Trump’s transactional approach has unsettled NATO allies, reinforcing questions about whether the president would back up the alliance when it counted.

“I have heard increasingly from Europeans at the very highest levels that any discussion in NATO on any issue immediately turns into a 2 percent discussion,” said Ivo Daalder, the former U.S. ambassador to NATO and now president of the Chicago Council on Global Affairs.

As a result, the United States has so far failed to play its customary leading role at alliance headquarters in Brussels under Trump’s tenure, former officials say. Apart from renewing its support for initiatives set out under Barack Obama’s tenure, the Trump administration has yet to generate new ideas for the alliance or shape discussions among political envoys at the North Atlantic Council, NATO’s decision-making body.

“U.S. leadership at the [North Atlantic Council] is almost nonexistent,” said Jim Townsend, a former senior Defense Department official who handled European and NATO policy. “The normal engine of developing NATO policy is not working.”

While the alliance has sought to bolster its presence in Eastern Europe and plans to create new logistics and maritime commands, NATO members are still lagging behind when it comes to having forces and equipment ready to deploy at a moment’s notice, Townsend said.

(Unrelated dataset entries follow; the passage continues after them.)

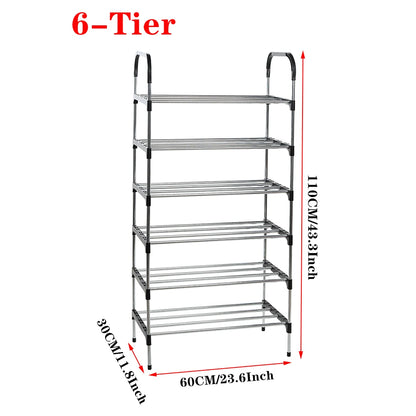 Multi-layer Shoe Rack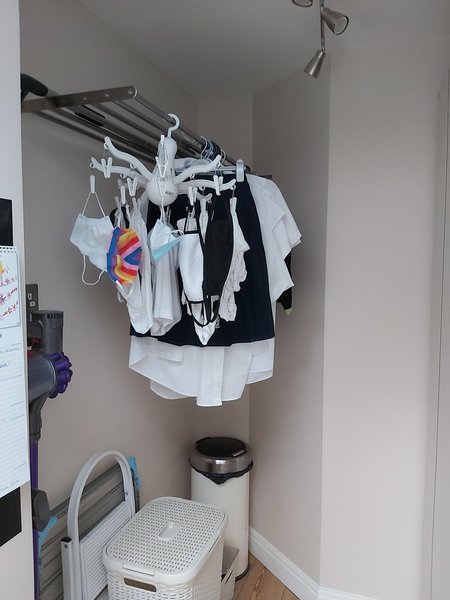 Clothes drying solutions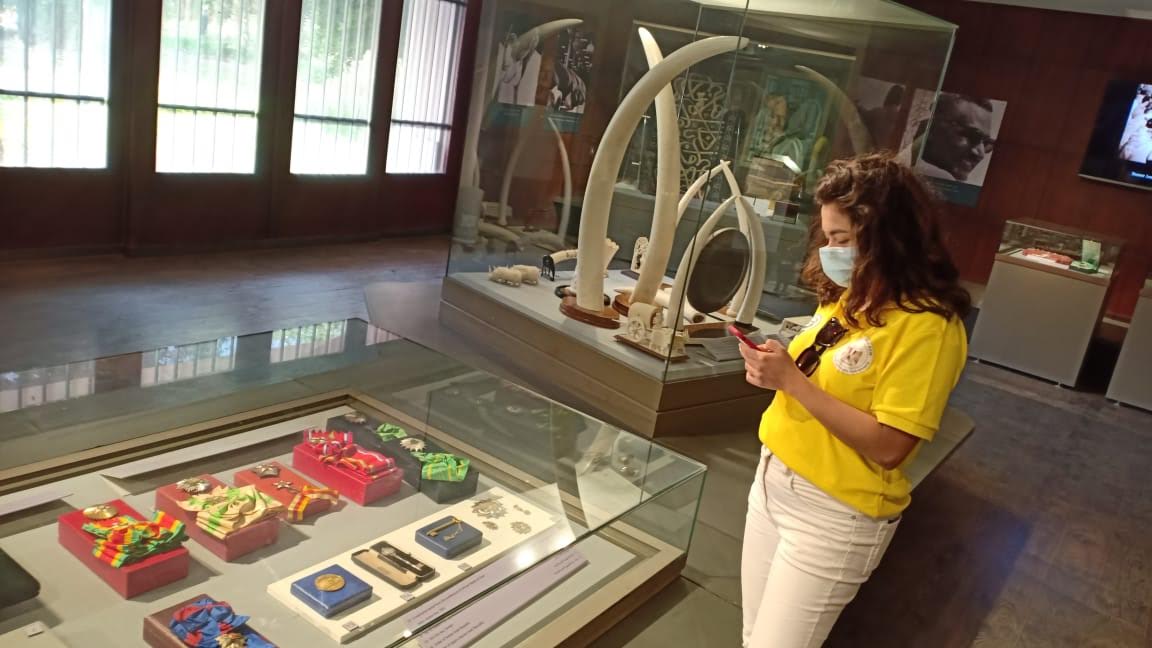 زيارة متحف الزعيم جمال عبدالناصر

“Right now, we’re deterring on fumes.”

Trump’s lack of enthusiasm for the alliance has provided ammunition to NATO skeptics across the Atlantic, who have renewed calls for Europe to take charge of its defense without depending solely on the United States. And questions about U.S. commitment have also encouraged the idea that European countries should explore a more accommodating stance toward Russia.

“Once you start placing doubts on the reliability of the security guarantee of the most important ally, you start to hedge,” Daalder said.

Apart from his stance on NATO, Trump has triggered broader doubts about the transatlantic relationship because of his hostile anti-EU rhetoric and his protectionist policies on trade. The European Union is now pursuing its own global trade agenda — including a new deal with Japan — as the United States appears ready to abandon its traditional role as the chief guarantor of an open market system.

As much as Mattis and military commanders seek to shore up the transatlantic bond, Trump could cause lasting damage to the alliance, undermining trust built up over decades, current and former Western officials say.

“The transatlantic relationship may be scarred for a long time to come,” said Alexander Vershbow, the former NATO deputy secretary-general and veteran U.S. diplomat.

“For Europe,” he said, “America will now always be the country that elected Donald Trump.”